But when I try to use the intel driver, Xorg failed with a "(EE) no screens found(EE)" (see attached Xorg log).

Any advice ?

Best


----------



## Phishfry (Jul 23, 2016)

Maybe you could try the xf86-video-scfb driver.
https://wiki.freebsd.org/Graphics/SCFB


----------



## hpc (Jul 23, 2016)

Phishfry said:


> Maybe you could try the xf86-video-scfb driver.
> https://wiki.freebsd.org/Graphics/SCFB



Thanks for the advice.
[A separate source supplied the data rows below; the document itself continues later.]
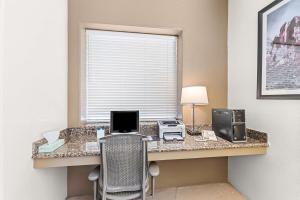 Televisor o centre d'entreteniment de Best Western Apache Junction Inn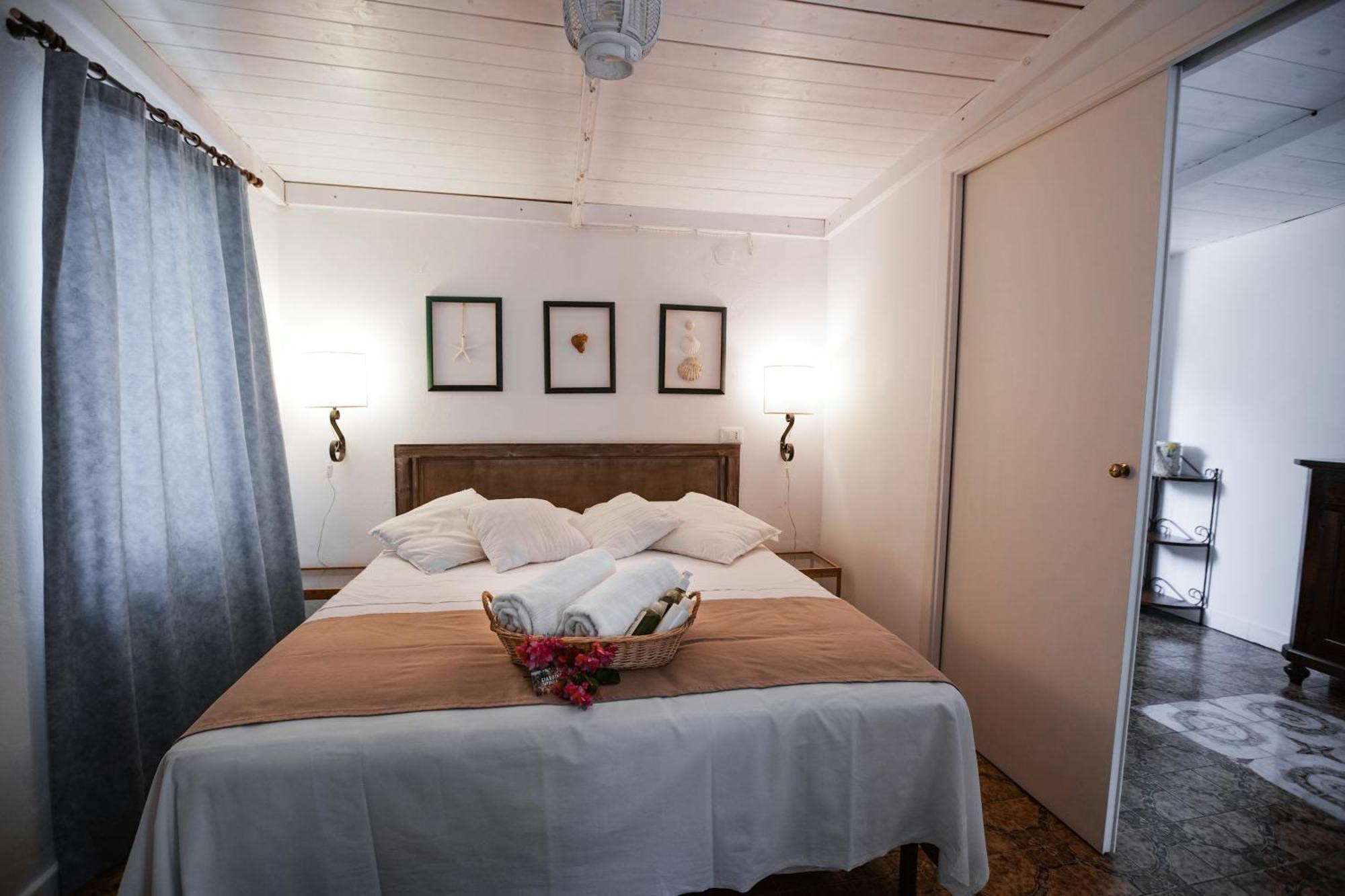 Apartamento Giardino Dell'Impossibile Di Antonino Campo Favignana Habitación foto
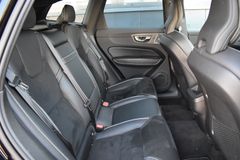 Fahrzeugabbildung Volvo XC60 D5 AWD R-Design*LUFT*B&W*ACC*AHK*HEICO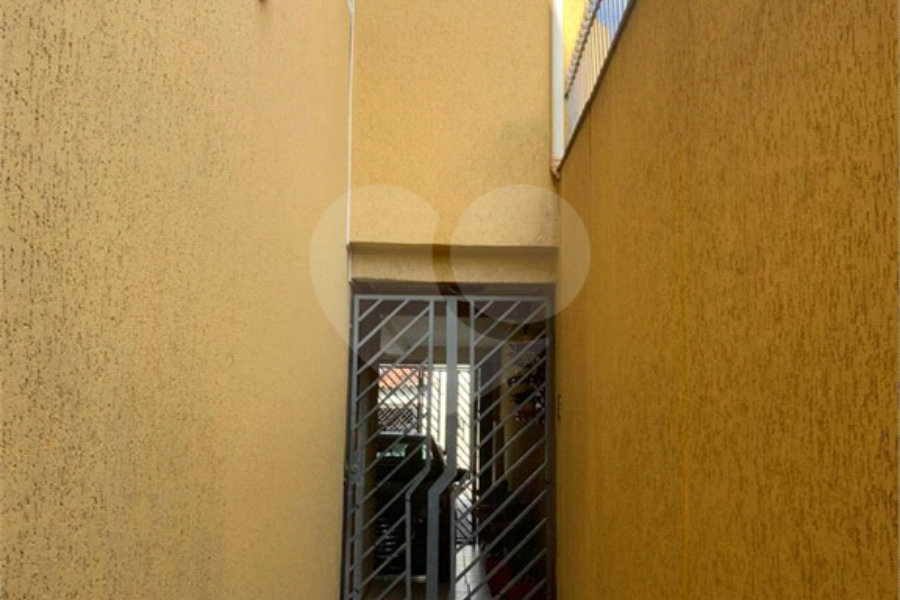 Sobrado à venda com 3 quartos, sendo 1 suíte,  em Vila Sabrina, São Paulo, SP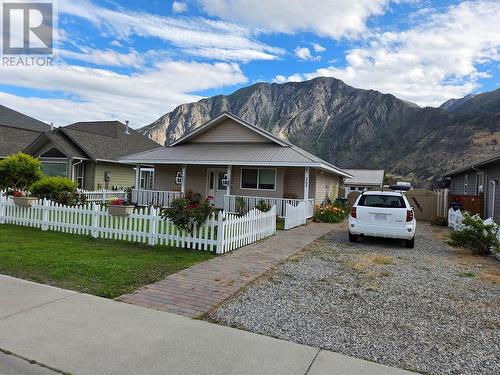 309 2nd Avenue  Keremeos, BC V0X 1N3
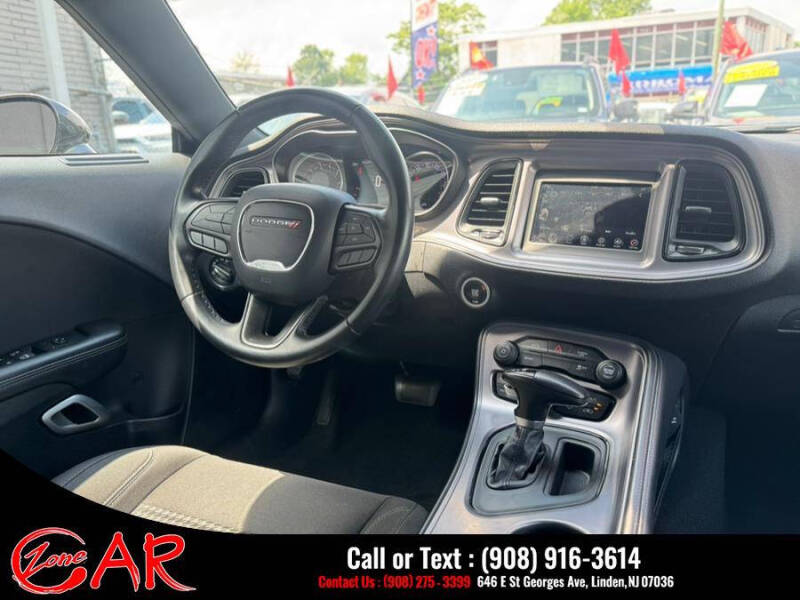 2023 Dodge Challenger SXT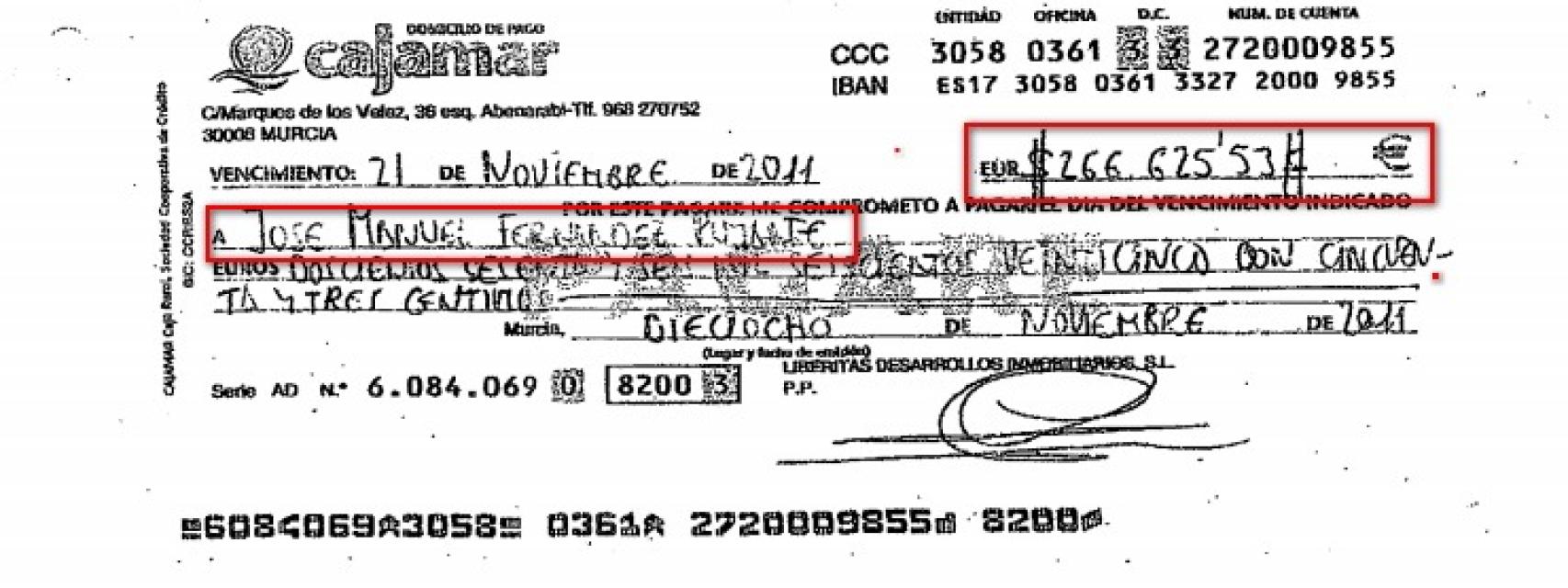 Cheque cobrado por el ingeniero Antonio José Fernández Pujante.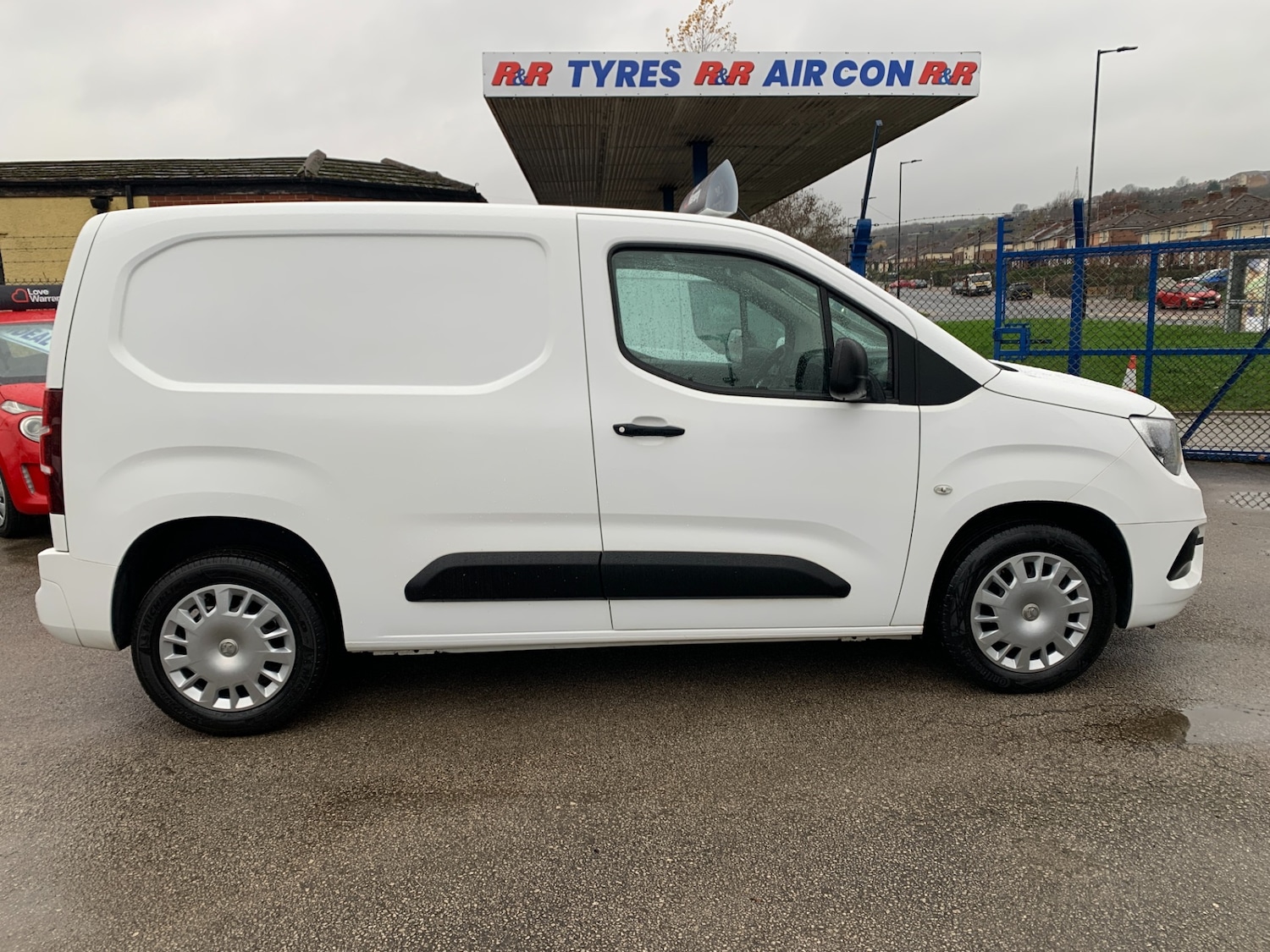 Used Vauxhall Combo 2020 for sale - 76815152: Photo 3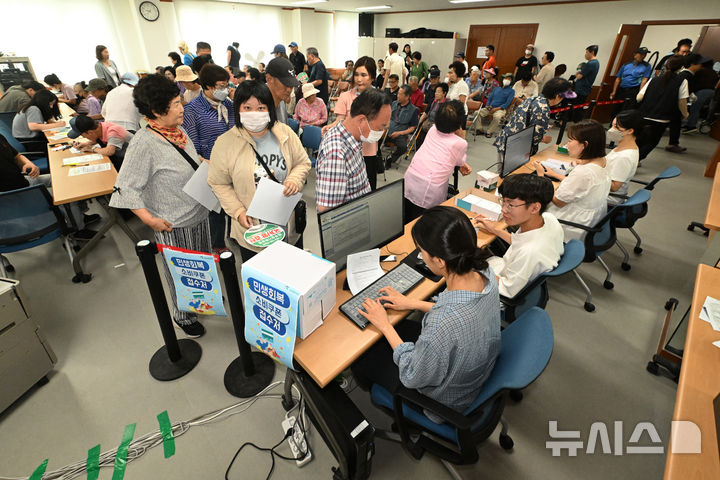 [광주=뉴시스] 이영주 기자 = 민생회복 소비쿠폰 1차 신청이 시작된 21일 오전 광주 북구 두암3동 행정복지센터에서 주민들이 선불카드를 신청하고 있다. 2025.07.21. leeyj2578@newsis.com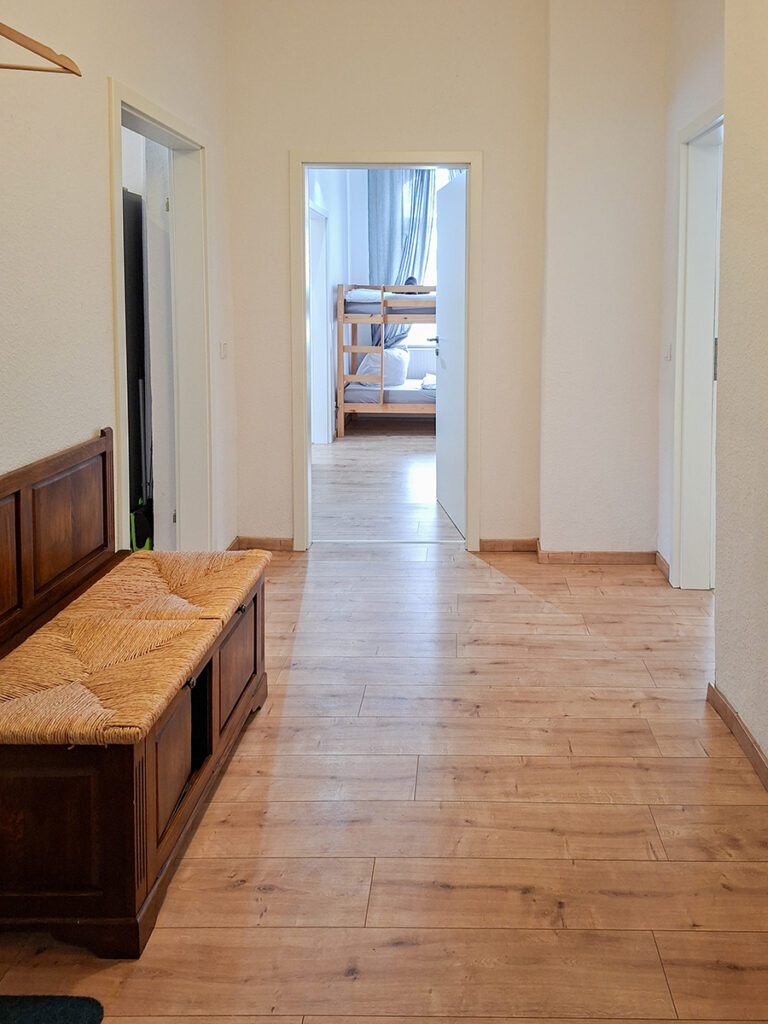 Flur mit Abstellmöglichkeit - Wohnung 2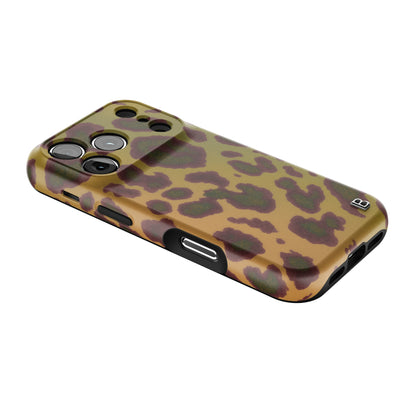 cranberry-cheetah-statement-iphone-case-Iphone_18_Pro_2.jpg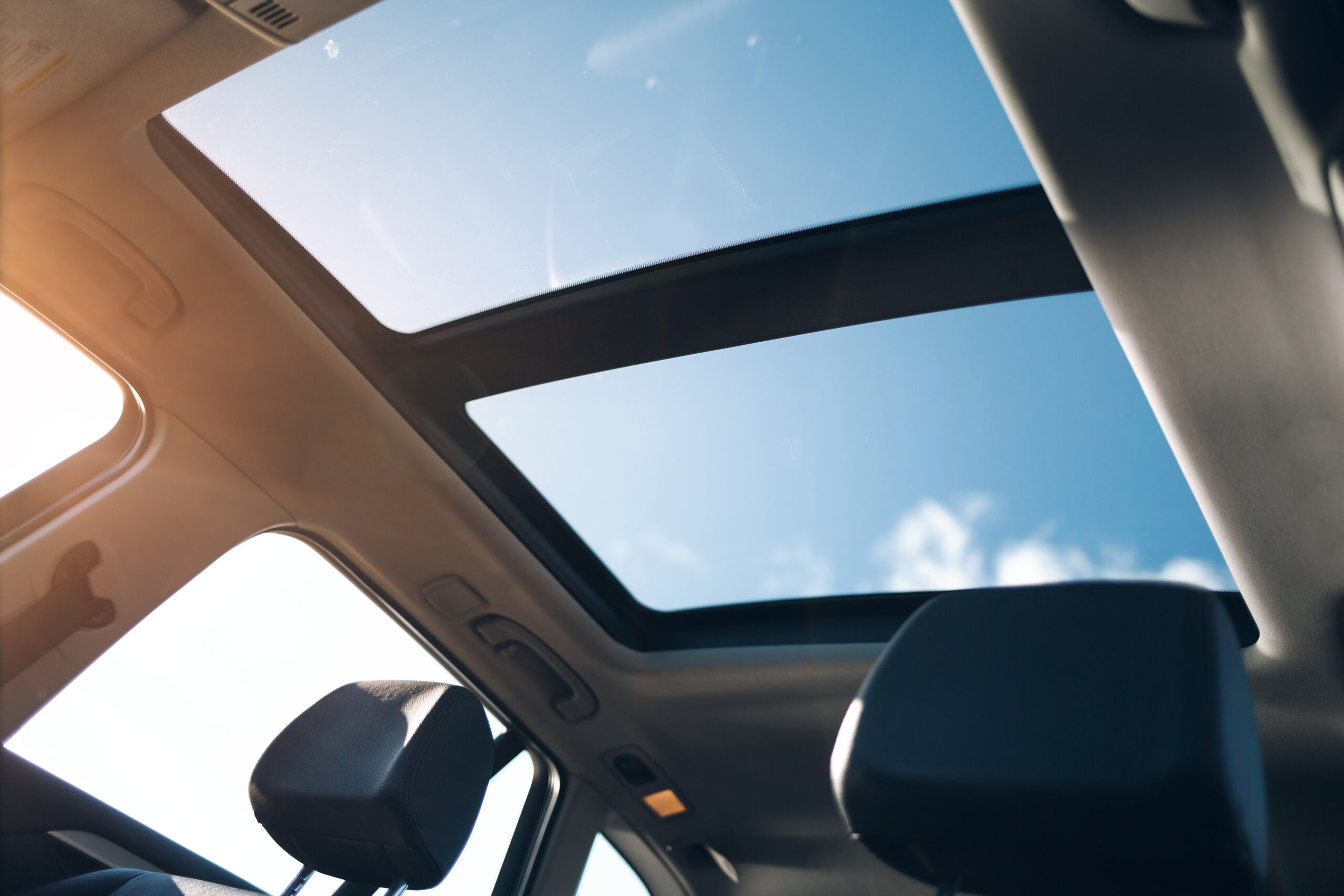 Auto Roof Glass Replacement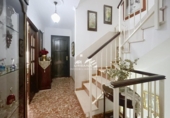 Отдельно стоящий дом с участком на продажу в городе Lucena Фото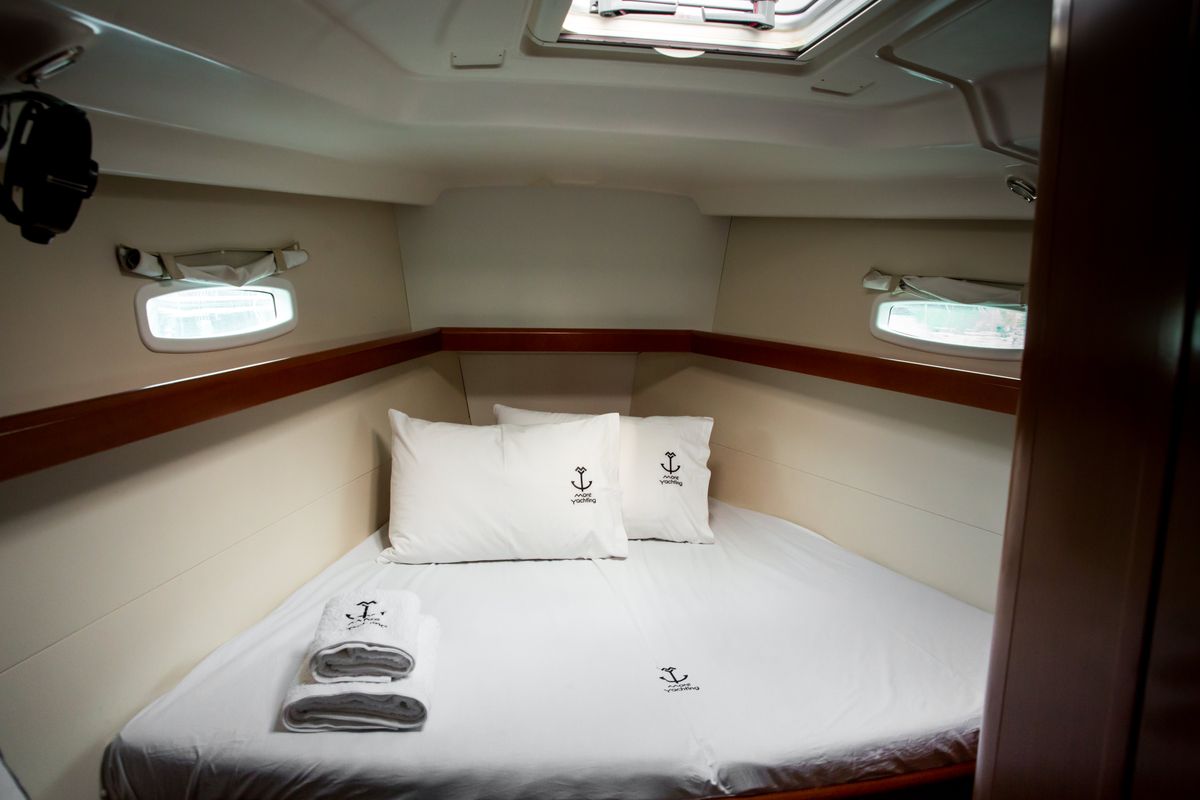 Cabin on Tiamo, a Beneteau Oceanis 43 sailboat at Municipal Unit of Lefkada, Greece
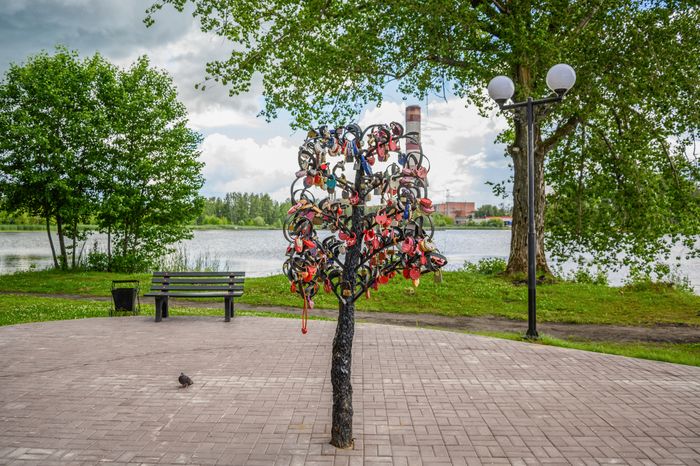 Скульптурная группа «Семья лосей» на улице Калинина города Электрогорск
I've tested, same error message "(EE) no screens found(EE)"


----------



## wblock@ (Jul 23, 2016)

It would help to know exactly which processor is being used.  Probably the Intel video driver does not support it yet, in which case the vesa driver can be used, or scfb if using UEFI (I think).

Make sure the drivers are actually installed.  Not all of them are part of the default packages.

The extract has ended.